One of the most unpleasant movies ever made is difficult viewing

Cinematically, exploring the mind of a murderer has always been attempted with a proverbial veil of safe distance between the subject and the uncomfortable matter at hand.

Directors Verena Paravel and Lucien Castaing-Taylor attempt no such thing. Their latest movie, Caniba, is an unapologetically uncomfortable feature-length monologue by a murderer, about his murder.

Delivered by Issei Sagawa, who in 1981 killed and ate a woman named Renée Hartevelt in France, Caniba is uncomfortable, eerie and disturbing. Shot entirely in close-up, it features Sagawa retelling the story of how, when he was a 32-year-old PhD student at the Sorbonne, he invited Hartevelt, his classmate, to his Parisian apartment to work on a poetry assignment. Once at his apartment, he raped Hartevelt, shot her in the head and spent the next two days eating her dead body. Sagawa later attempted to dispose of the leftovers―if you can call them that―in a lake, and was arrested in the process.
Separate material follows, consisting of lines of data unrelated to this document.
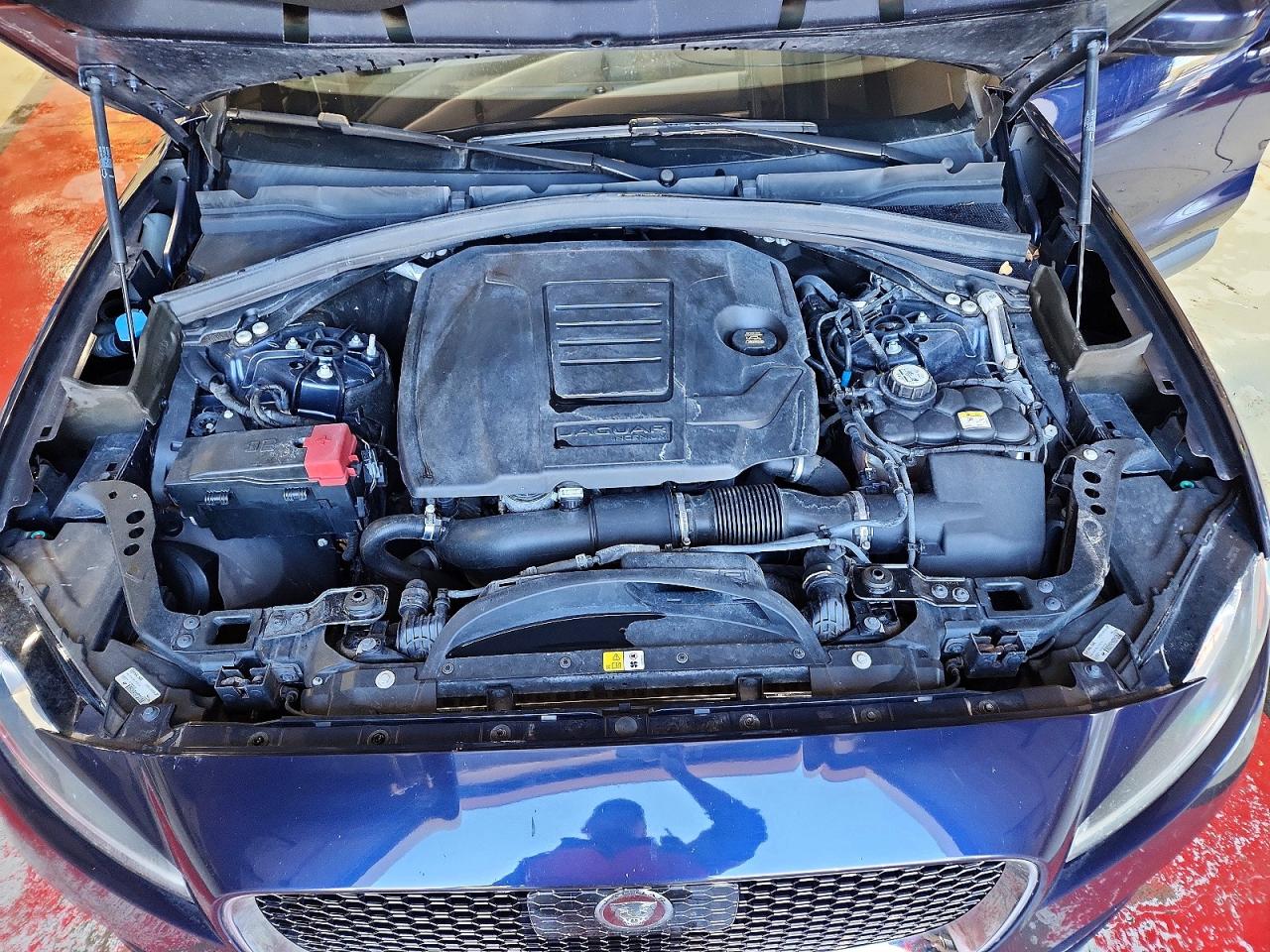 Jaguar F-PACE Premium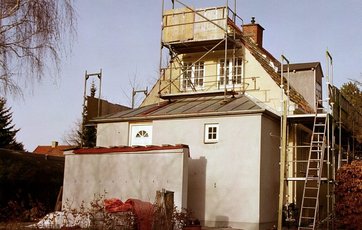 gult parcelhus med stillads omkring 1.salen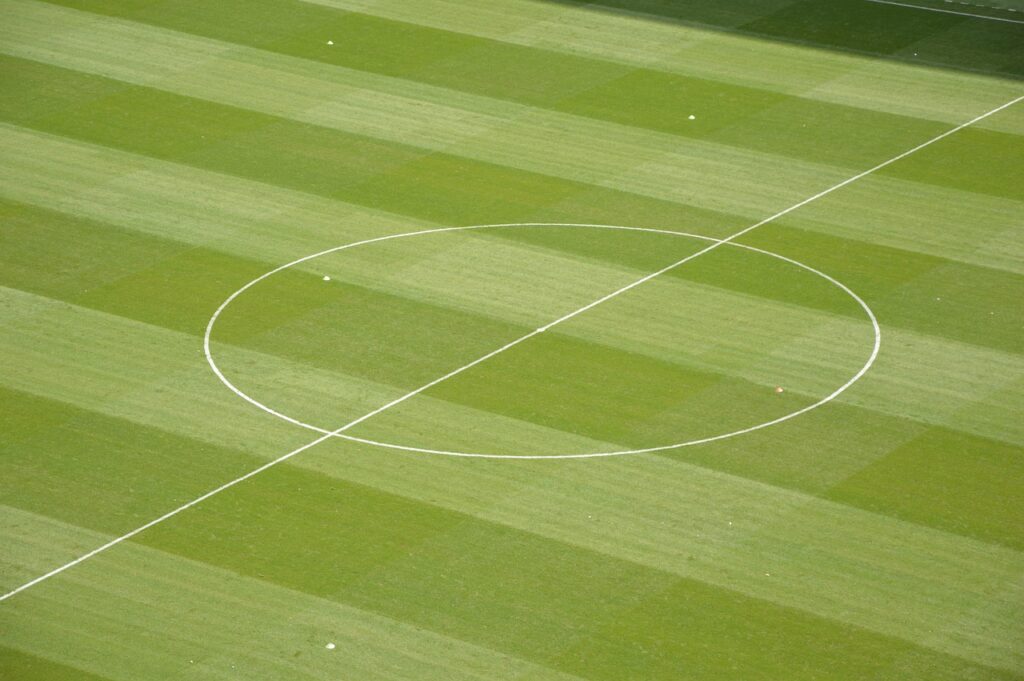 ¿Qué es un volante en futbol? Cancha de futbol.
The denouement―Sagawa’s eventual arrest and lack of prosecution, allowing him to continue living in Japan as a free man under the guise of insanity, is all the more chilling after listening to him deliver such nuggets as “Cannibalism is very much nourished by fetishistic desire” throughout the film.

Paravel and Castaing-Taylor, who previously directed Leviathan and Somniloquies, dispense the movie with disturbing intimacy, further pulling the curtain away from a subject most viewers would feel uncomfortable thinking about, let alone watching speak.

Ultimately, though, Caniba is a study in psychological pathos, and the extent to which audiences will tolerate Sagawa relies largely on how forgiving one is to his moral shortcomings. Parable and Castaing-Taylor appear to attempt to portray him as a deeply flawed, mentally disturbed protagonist who can nonetheless induce understanding on certain levels.

Many will not agree with this perspective, and will lament the lack of any deeper backstory or characterization, which is why the movie travailed through the festival season with a walkout-heavy run.

Caniba is, at the end of the day, uneasy, in-your-face and unforgiving and, in many ways, too self-aware to be smart.